→ **What is being asked**
Your reply should be the whole listing, copied exactly, with the pictures left out.

→ **Information shown**
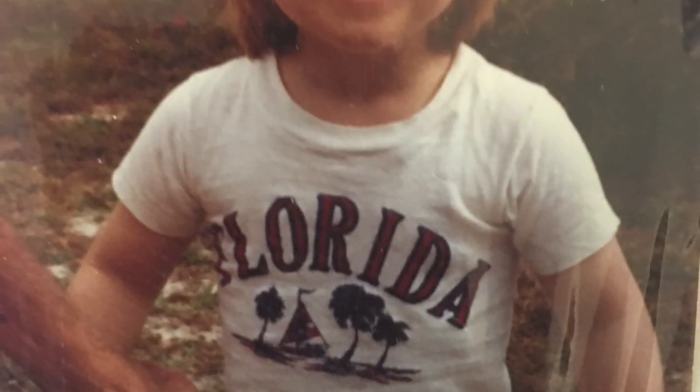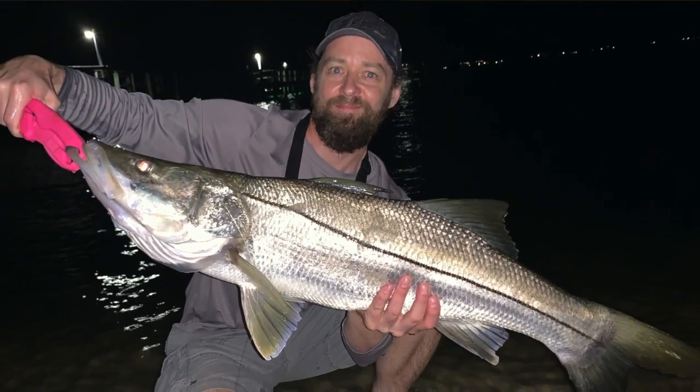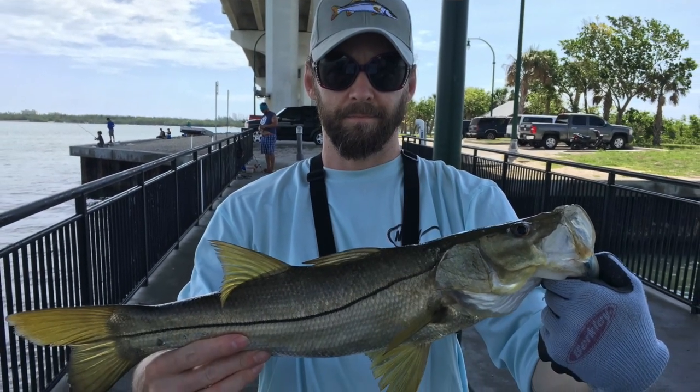I've been fishing in Florida for a very long time, since I was three years old. I really started focusing on saltwater game fish in high school, and for the past 10 to 15 years I've been really focused on snook, redfish, trout — all that stuff. In this video I'm going to tell you and show you some clips of the best ways to catch snook in Florida and some of the best places as well.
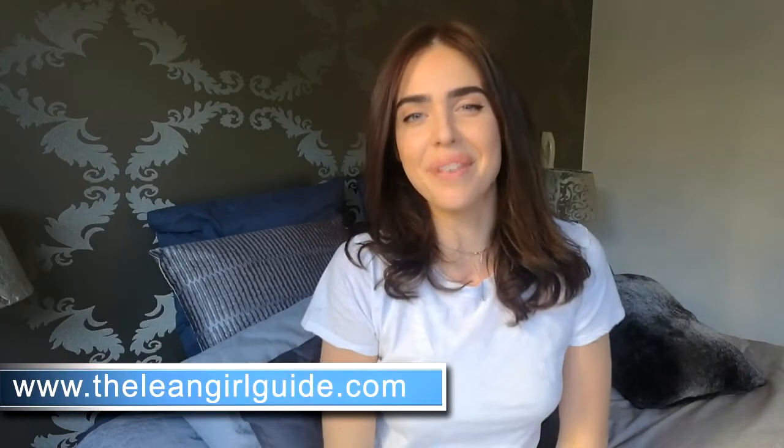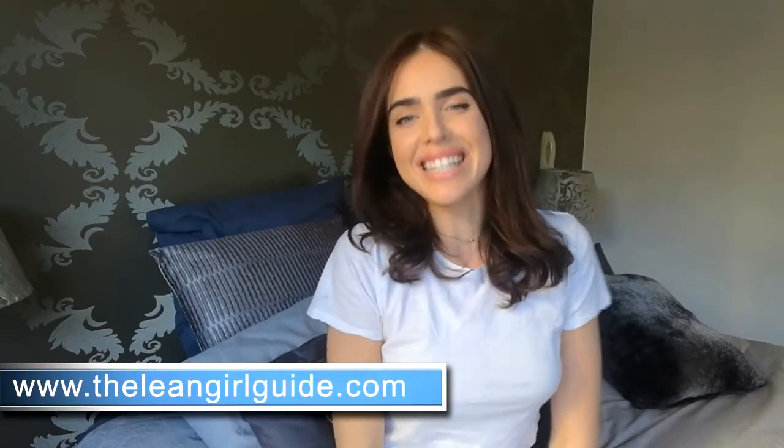Hey guys, it's Angie from the Lean Girl Guide. I decided to change up my videos today. I don't want to start boring you guys with the same old thing. Change is definitely always good. That's why I'm always changing up my meals, always changing up my workouts. So I thought I would take it in the same stride and change up my videos a bit.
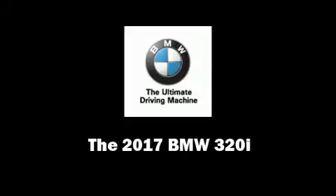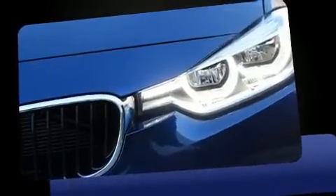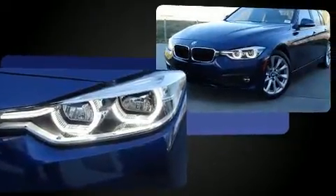Introducing the 2017 BMW 320i. This four-door, five-passenger sedan is ready to drive off the showroom floor. Performance and efficiency are both prioritized thanks to the two-liter four-cylinder engine, providing a smooth and predictable driving experience.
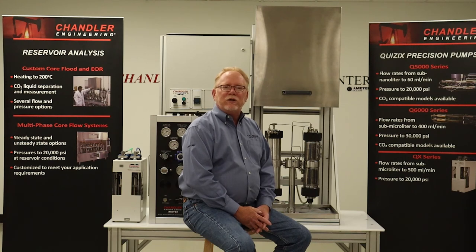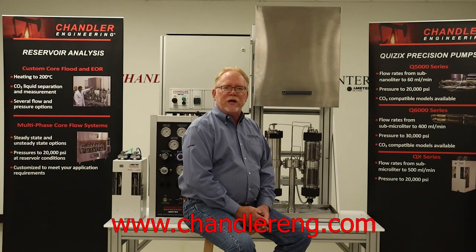To learn more about Chandler's line of FRT core flow systems and other market-leading instruments, please visit us at www.ChandlerEng.com.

→ **Answer section**
I've been fishing in Florida for a very long time, since I was three years old. I really started focusing on saltwater game fish in high school, and for the past 10 to 15 years I've been really focused on snook, redfish, trout — all that stuff. In this video I'm going to tell you and show you some clips of the best ways to catch snook in Florida and some of the best places as well.
Hey guys, it's Angie from the Lean Girl Guide. I decided to change up my videos today. I don't want to start boring you guys with the same old thing. Change is definitely always good. That's why I'm always changing up my meals, always changing up my workouts. So I thought I would take it in the same stride and change up my videos a bit.
Introducing the 2017 BMW 320i. This four-door, five-passenger sedan is ready to drive off the showroom floor. Performance and efficiency are both prioritized thanks to the two-liter four-cylinder engine, providing a smooth and predictable driving experience.
To learn more about Chandler's line of FRT core flow systems and other market-leading instruments, please visit us at www.ChandlerEng.com.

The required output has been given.